The Studio Display is an excellent monitor with some really nice features, but it's expensive, and a lot of that money is paying for features that many creatives don't need from a 'studio' display for professional work.
What We Like What We Don't Like
  • Excellent color accuracy with Delta E < 1
  • Decent color gamut with 98% coverage of DCI-P3
  • 5K resolution is a nice bump over 4K
  • Seamless integration into to MacOS allows you to calibrate your white point in a few seconds
  • Built-in speakers are incredible
  • Built-in mics are surprisingly good
  • Built-in webcam is great, and Center Stage feature is genuinely cool
  • Basically unusable with any Windows computer
  • No physical controls whatsoever, not even a power button
  • No HDR compatibility
  • No 120Hz Pro Motion
  • 8-bit + dithering, not true 10-bit
  • No LUT for hardware calibration
  • Stand options are very limited
  • Extremely expensive, especially if you want a height adjustable stand and/or nano-texture glass

I see what Apple was trying to do here. It wanted the Studio Display to replace the discontinued 27-inch iMac when paired with a Mac Studio or Mac mini. That's why it put so much emphasis on features that you don't typically find in high-end photo- and video-editing displays: like amazing speakers, a top-notch webcam, high-quality microphones, and an A13 Bionic to power all of the above.

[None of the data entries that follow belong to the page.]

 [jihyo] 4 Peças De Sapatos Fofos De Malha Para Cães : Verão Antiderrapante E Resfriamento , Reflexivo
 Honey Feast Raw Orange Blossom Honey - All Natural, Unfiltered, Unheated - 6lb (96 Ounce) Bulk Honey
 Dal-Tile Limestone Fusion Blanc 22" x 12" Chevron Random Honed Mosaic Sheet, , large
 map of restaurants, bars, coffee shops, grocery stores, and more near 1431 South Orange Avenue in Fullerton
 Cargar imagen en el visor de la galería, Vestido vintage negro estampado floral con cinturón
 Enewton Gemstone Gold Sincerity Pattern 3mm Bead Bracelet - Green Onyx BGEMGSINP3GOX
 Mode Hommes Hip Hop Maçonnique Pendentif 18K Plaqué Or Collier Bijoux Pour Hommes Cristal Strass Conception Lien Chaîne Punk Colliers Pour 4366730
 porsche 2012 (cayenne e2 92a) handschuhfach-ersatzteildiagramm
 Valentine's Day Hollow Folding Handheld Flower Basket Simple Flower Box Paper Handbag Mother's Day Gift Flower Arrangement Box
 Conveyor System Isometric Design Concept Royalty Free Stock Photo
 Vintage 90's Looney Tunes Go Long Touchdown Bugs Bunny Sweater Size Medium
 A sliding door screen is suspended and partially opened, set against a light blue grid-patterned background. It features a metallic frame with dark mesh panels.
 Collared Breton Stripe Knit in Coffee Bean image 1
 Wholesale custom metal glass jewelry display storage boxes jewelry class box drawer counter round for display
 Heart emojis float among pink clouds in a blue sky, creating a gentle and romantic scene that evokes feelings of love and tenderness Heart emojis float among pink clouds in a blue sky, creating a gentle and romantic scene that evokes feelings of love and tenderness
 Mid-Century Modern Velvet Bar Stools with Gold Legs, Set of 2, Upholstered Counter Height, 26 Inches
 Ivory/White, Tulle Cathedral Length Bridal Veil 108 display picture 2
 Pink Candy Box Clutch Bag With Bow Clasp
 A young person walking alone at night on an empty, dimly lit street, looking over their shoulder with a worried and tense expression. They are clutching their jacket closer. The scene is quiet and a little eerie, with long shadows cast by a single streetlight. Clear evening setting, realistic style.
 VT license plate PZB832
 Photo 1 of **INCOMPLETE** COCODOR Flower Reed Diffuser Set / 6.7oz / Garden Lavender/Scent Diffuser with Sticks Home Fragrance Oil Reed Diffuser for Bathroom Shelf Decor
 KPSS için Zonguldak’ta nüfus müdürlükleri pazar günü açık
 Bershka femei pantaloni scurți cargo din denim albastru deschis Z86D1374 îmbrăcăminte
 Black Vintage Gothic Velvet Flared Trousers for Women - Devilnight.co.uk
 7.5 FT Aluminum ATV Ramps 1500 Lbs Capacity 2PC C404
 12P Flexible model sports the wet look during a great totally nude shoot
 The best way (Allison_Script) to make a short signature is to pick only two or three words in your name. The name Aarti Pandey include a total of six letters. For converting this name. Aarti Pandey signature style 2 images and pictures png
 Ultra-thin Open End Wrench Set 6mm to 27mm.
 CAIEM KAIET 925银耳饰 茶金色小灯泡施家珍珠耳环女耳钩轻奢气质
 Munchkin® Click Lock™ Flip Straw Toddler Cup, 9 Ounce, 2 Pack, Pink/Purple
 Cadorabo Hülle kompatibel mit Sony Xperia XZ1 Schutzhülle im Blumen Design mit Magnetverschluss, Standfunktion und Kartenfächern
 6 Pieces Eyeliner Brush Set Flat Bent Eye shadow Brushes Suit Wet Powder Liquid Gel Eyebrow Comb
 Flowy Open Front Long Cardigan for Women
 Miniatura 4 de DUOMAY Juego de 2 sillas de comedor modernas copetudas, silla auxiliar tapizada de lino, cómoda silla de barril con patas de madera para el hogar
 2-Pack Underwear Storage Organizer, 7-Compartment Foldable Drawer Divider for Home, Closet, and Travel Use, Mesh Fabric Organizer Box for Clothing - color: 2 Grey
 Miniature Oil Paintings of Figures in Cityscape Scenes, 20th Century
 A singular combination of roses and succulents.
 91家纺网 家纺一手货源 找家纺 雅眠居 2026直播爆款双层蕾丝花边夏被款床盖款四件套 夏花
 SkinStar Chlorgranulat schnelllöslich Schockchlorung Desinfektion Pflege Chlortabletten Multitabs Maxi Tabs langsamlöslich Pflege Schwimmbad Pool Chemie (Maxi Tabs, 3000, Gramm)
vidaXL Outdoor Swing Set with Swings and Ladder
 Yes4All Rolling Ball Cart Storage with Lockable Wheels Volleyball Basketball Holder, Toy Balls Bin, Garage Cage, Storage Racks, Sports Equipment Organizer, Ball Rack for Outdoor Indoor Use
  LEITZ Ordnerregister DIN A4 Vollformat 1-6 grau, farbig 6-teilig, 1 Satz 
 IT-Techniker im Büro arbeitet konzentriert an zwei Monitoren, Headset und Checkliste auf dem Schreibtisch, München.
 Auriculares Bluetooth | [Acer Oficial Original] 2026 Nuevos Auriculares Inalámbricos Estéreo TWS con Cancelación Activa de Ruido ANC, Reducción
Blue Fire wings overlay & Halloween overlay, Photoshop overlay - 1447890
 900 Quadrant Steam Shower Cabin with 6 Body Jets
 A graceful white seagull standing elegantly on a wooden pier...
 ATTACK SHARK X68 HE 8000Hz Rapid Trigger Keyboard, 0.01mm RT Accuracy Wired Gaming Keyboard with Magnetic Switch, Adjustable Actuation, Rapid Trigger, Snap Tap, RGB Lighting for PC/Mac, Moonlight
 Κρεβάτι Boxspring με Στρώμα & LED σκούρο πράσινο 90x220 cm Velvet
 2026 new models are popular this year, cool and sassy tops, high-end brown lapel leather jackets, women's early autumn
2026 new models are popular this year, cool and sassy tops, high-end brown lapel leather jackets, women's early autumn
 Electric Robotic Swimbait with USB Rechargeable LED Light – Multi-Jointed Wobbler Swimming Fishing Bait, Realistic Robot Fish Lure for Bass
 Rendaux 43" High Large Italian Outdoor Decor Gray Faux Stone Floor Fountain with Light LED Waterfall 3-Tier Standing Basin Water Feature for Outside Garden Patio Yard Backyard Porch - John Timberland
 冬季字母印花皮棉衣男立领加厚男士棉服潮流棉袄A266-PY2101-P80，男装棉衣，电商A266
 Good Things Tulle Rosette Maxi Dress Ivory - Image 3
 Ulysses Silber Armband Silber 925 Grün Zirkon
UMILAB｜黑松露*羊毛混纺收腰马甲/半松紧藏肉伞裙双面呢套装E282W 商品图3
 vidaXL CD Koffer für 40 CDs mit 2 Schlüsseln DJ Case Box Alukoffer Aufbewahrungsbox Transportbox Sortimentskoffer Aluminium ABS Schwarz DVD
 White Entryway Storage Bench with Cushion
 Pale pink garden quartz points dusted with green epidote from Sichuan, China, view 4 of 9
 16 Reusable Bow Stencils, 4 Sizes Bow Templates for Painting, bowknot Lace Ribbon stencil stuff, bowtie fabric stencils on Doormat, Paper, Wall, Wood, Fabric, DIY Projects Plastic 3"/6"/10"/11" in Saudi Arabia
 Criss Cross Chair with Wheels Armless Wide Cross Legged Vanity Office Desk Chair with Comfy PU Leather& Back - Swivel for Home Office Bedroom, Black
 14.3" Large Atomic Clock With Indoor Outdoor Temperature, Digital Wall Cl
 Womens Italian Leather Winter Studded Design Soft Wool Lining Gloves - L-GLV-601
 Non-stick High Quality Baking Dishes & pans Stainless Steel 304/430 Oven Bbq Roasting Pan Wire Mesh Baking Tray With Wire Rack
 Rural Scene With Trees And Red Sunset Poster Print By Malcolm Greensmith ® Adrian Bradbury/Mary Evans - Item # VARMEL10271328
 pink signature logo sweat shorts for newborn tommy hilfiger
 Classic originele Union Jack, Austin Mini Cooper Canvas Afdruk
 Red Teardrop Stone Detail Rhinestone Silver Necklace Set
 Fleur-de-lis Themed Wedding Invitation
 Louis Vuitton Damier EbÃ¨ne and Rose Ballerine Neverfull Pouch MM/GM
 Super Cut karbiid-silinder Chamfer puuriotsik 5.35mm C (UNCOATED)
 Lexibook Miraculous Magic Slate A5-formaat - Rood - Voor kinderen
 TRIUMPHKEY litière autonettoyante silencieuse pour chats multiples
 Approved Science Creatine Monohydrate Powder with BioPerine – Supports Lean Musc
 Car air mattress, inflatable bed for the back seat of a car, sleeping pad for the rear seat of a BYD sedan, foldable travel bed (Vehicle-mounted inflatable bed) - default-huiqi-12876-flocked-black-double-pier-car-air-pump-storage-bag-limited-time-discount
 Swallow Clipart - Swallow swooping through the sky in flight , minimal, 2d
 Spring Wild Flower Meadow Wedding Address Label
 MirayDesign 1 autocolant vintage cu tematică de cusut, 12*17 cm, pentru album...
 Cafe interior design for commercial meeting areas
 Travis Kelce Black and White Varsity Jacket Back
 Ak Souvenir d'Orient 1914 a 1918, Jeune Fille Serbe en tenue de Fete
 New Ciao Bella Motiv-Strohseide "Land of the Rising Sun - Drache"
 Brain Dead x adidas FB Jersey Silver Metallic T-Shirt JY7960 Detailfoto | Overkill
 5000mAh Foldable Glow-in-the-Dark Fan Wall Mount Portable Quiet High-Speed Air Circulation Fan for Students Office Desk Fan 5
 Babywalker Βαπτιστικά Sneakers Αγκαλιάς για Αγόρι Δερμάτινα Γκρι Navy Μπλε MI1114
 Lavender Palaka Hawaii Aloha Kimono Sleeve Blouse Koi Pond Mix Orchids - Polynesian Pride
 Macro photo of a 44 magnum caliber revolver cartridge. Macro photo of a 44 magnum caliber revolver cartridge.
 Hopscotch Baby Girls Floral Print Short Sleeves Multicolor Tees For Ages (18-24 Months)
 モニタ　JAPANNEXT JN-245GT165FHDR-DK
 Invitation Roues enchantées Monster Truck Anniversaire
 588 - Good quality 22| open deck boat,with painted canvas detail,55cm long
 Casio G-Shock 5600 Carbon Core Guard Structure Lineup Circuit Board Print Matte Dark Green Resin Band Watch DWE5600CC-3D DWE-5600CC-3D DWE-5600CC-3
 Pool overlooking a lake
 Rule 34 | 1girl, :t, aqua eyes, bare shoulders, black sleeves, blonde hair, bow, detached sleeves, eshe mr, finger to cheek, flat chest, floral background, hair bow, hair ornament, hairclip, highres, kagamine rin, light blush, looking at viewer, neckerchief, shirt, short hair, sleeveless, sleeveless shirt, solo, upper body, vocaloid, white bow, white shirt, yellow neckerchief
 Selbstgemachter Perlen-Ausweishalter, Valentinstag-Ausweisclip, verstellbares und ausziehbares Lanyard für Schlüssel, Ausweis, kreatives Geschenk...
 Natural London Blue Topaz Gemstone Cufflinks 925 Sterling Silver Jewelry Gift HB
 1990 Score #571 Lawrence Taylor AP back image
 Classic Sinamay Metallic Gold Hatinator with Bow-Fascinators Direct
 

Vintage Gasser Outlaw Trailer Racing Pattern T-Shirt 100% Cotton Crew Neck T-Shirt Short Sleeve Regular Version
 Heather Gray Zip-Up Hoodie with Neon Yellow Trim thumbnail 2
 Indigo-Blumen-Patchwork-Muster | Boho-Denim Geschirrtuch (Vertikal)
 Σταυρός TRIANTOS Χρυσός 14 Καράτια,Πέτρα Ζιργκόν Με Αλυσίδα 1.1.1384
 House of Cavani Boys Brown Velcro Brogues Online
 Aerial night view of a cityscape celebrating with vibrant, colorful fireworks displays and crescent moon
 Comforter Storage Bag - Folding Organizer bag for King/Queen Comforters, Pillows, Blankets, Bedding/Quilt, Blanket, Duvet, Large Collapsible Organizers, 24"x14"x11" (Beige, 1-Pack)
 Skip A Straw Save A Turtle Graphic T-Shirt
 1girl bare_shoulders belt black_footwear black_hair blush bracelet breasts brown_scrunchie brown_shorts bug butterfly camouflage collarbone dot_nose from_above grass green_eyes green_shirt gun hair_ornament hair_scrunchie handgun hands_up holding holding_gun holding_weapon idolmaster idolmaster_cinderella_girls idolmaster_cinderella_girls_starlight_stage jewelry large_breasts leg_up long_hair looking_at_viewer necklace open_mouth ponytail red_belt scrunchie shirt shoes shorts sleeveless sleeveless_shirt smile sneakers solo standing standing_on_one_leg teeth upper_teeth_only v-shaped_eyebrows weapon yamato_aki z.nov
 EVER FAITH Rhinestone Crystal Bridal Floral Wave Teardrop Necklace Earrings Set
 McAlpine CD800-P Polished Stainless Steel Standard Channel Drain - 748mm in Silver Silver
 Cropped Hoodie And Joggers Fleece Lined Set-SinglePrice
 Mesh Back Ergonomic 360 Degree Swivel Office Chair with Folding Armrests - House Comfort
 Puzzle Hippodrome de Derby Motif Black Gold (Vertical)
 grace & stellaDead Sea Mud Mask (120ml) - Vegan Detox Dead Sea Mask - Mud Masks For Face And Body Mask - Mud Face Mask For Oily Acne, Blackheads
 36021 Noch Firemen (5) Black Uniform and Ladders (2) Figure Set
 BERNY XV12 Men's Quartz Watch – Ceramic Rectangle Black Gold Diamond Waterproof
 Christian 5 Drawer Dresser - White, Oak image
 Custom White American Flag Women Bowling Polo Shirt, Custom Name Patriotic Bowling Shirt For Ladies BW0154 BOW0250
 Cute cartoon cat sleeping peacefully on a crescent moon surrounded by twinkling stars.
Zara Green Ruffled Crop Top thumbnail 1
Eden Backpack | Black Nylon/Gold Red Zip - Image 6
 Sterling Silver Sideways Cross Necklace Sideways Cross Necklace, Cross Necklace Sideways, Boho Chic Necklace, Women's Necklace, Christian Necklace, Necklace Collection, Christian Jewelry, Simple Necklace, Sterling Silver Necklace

These are all features you'd expect to find in the next-gen iMac, so they've packed them inside of the Studio Display instead.

But while these features, when combined with a color-accurate 5K panel, justify the Studio Display's $1,600 price tag, I would argue that Apple missed the mark by focusing too much on day-to-day usability and too little on the real-world photo-, video-, and graphic design studios that this display is supposedly meant for. Most studios don't care about webcams or built in speakers, and some even use PCs in addition to (or instead of) Macs.

If you're a Mac user who needs a high-quality, color-accurate display for both personal and professional use, with all of the Apple bells and whistles included, then the Studio Display delivers the goods.

I said this was a difficult review for me, and this is why: most of my gripes aren't with the monitor, but with what the monitor might have been if Apple hadn't chosen to save all their latest display tech for the next generation of the Pro Display XDR.

If you're a Mac user who needs a high-quality, color-accurate display for both personal and professional use, with all of the Apple bells and whistles included, then the Studio Display delivers the goods. I've said it before and I'll say it again: I don't think the monitor is overpriced given the build quality, color accuracy, seamless experience, and the impressive hardware Apple has baked in.

But for the professional creatives in the audience who use their monitor to pay the bills, I'd recommend looking at the professional-grade offerings from EIZO or NEC, or holding off until Apple releases the next generation of the Pro Display XDR. Even if you end up paying a little (or a lot) more, you'll know that every cent went to pay for features that really matter for professional workflows.